§ Exercise instructions: In the listing that follows, tally the lines containing "Hund"; give the count and nothing more.

========================================

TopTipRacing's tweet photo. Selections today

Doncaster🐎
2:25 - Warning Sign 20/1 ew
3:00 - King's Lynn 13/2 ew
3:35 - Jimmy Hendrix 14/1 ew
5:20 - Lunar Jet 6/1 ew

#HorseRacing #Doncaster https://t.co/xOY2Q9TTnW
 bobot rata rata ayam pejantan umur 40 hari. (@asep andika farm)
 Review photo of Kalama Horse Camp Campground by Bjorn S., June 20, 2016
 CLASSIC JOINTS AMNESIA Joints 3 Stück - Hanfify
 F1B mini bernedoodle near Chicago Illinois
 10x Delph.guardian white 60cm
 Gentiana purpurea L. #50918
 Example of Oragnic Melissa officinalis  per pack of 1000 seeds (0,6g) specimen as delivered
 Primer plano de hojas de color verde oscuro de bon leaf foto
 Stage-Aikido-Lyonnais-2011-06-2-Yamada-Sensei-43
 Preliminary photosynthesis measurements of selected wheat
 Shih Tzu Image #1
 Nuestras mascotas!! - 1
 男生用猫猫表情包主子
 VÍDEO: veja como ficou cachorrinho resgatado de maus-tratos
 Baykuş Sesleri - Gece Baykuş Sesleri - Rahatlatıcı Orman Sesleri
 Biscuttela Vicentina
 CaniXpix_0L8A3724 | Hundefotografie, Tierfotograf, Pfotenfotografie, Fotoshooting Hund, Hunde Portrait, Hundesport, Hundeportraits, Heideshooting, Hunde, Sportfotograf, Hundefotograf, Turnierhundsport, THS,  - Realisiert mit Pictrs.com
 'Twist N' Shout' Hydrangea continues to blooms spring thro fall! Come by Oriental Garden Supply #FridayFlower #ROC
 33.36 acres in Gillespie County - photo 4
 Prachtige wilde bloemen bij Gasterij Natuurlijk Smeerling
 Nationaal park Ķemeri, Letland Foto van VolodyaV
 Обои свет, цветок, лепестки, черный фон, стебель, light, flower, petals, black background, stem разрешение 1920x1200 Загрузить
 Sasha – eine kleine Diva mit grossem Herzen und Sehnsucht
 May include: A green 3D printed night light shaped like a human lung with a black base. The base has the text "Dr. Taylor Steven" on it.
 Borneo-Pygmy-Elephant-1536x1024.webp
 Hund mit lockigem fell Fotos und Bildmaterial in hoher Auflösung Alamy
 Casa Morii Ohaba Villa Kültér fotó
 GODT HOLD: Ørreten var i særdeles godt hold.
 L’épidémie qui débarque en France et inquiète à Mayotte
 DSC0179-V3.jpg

========================================

§ Expected answer: 2